Data provided →
******************************

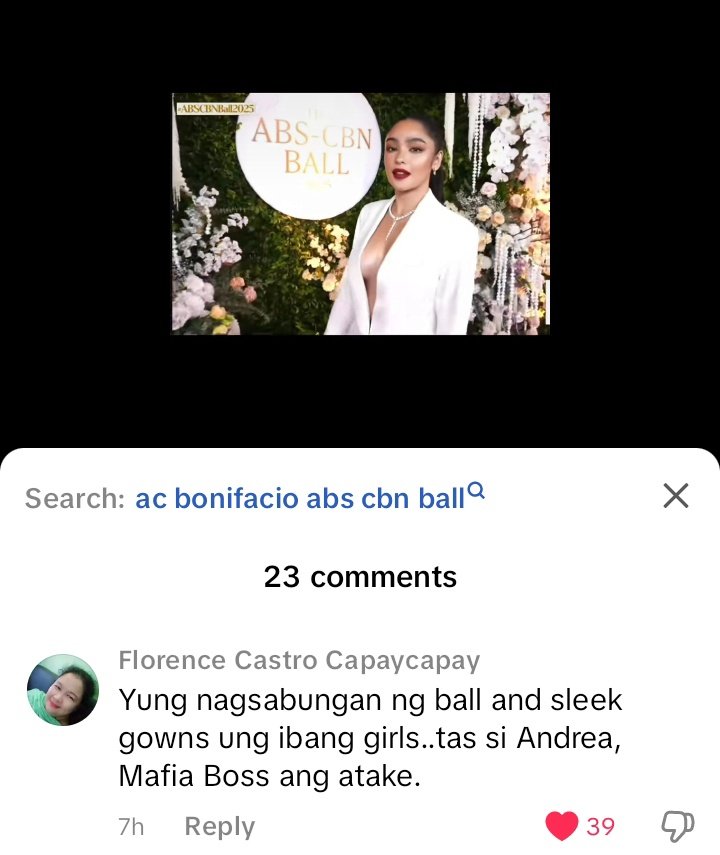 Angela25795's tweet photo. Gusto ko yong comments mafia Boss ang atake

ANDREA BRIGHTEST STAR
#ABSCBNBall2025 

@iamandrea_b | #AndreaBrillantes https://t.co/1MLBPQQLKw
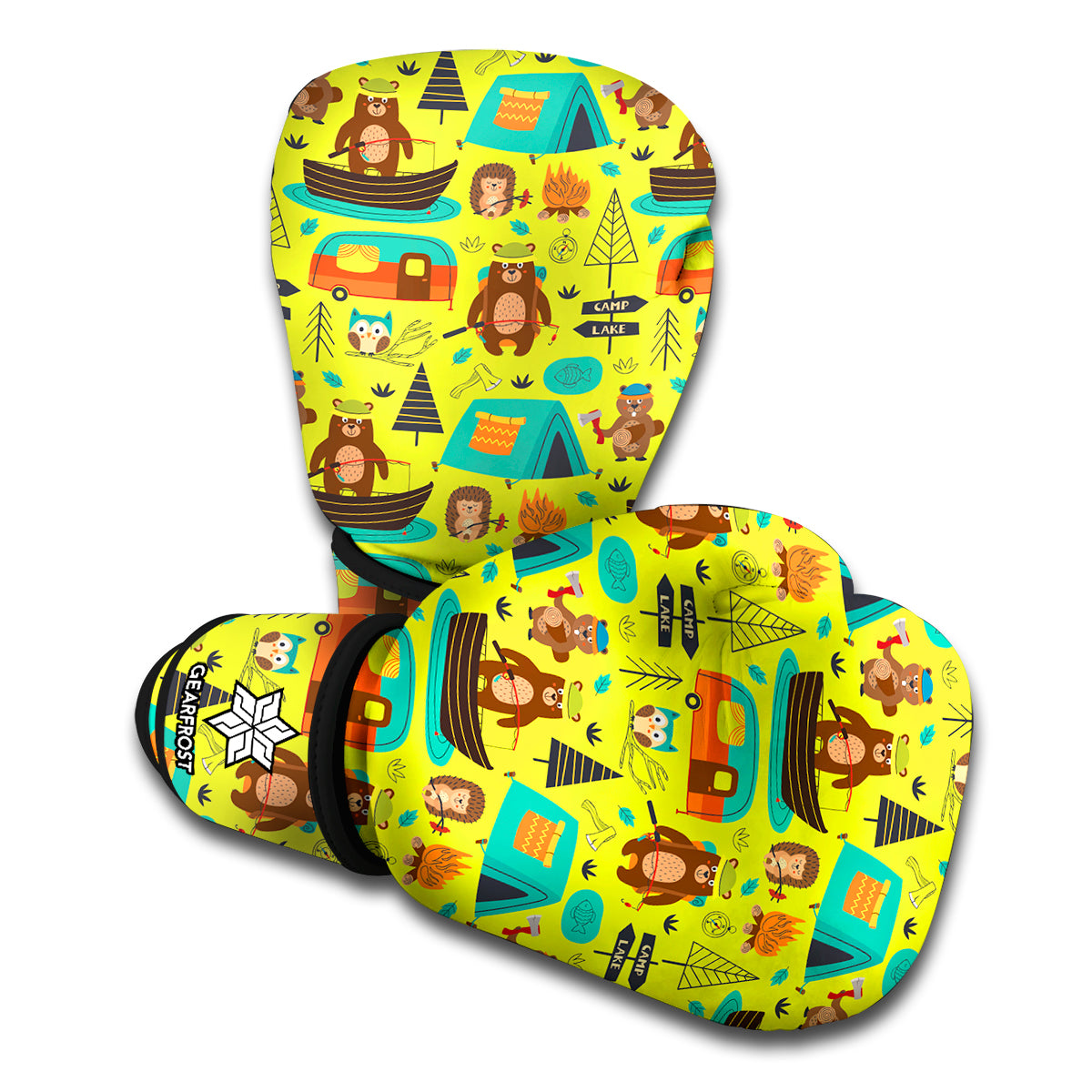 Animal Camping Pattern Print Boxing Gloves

******************************

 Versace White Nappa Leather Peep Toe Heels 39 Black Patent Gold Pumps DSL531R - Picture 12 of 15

******************************

Task instructions → Output only the stretch above from the line with "Angela25795's tweet photo." through the line with "Animal Camping Pattern Print Boxing Gloves", reproduced exactly. Exclude pictures.

Problem solution →
 Angela25795's tweet photo. Gusto ko yong comments mafia Boss ang atake

ANDREA BRIGHTEST STAR
#ABSCBNBall2025 

@iamandrea_b | #AndreaBrillantes https://t.co/1MLBPQQLKw
 Animal Camping Pattern Print Boxing Gloves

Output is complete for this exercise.